Unpopuläre Meinung: Kryptowährungen im Zeitraum 2025–26 zu traden, war für die meisten Menschen eine der schlechtesten finanziellen Entscheidungen.

Aktien und Rohstoffe? Das war in diesem Zyklus deutlich einfacher Geld.

Darum geht es:

1. Risikoadjustierte Renditen haben sich dramatisch verschoben. Während Krypto weiterhin Schlagzeilen macht, war die tatsächliche Alpha-Generierung für den durchschnittlichen Trader katastrophal. Volatilität ohne Richtung ist nur Rauschen, das Konten durch gescheiterte Ausbrüche und „Whipsaws“ austrocknet.

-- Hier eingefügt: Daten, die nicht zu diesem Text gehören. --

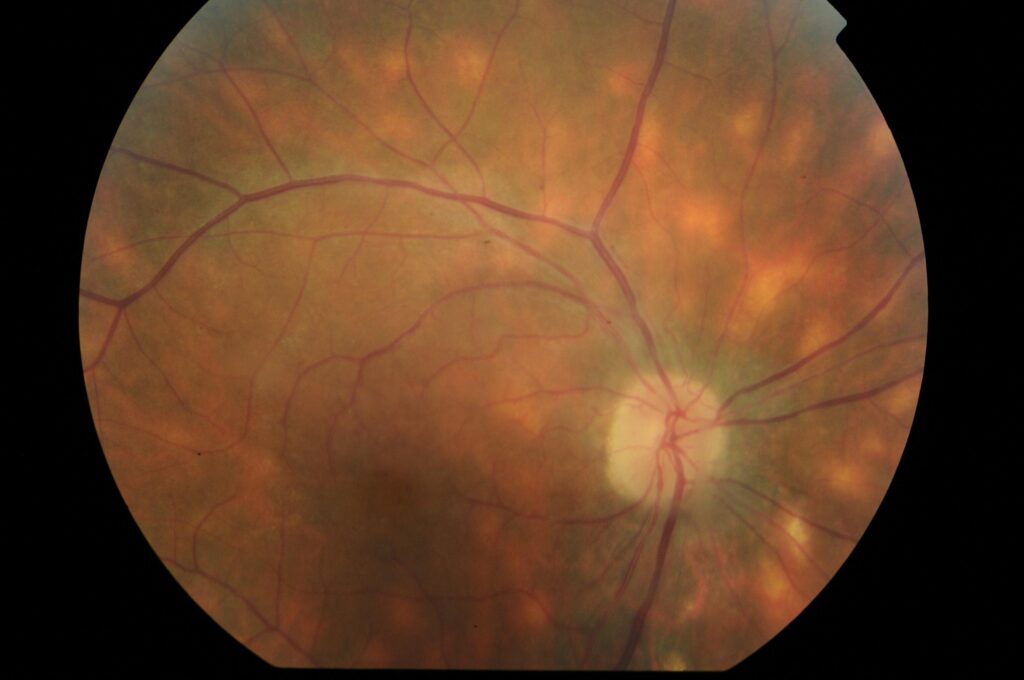 UVEITIS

2. Makro-Liquiditätsflüsse funktionieren heute anders. Zentralbank-Politiken, geopolitische Fragmentierung und Rohstoff-Superzyklen haben deutlichere Richtungs-Trends in traditionellen Märkten geschaffen. Die Korrelation von Krypto mit Tech-Aktien bedeutet: Es trifft dich gleich doppelt – einmal als Risikoanlage, ein zweites Mal als spekulatives Tech-Play.

3. Der Infrastruktur-Trade bei Rohstoffen (Kupfer, Uran, Erdgas) und bei Rüstungs-/Industrieaktien war unkompliziert. Du musstest nicht erraten, welches L2 überleben würde oder welche Meme-Coin noch echte Community-Haltbarkeit hat. Einfach Capex-Zyklen und Angebotsengpässe verfolgen.

4. Krypto-Reife-Paradox: Als Institutionen eingestiegen sind, sank die Volatilität – aber Chancen mit echter Überzeugung verschwanden. Du handelst jetzt gegen ausgeklügelte Desks mit besseren Daten, engeren Spreads und algorithmischer Ausführung. Der Retail-Vorteil ist verschwunden.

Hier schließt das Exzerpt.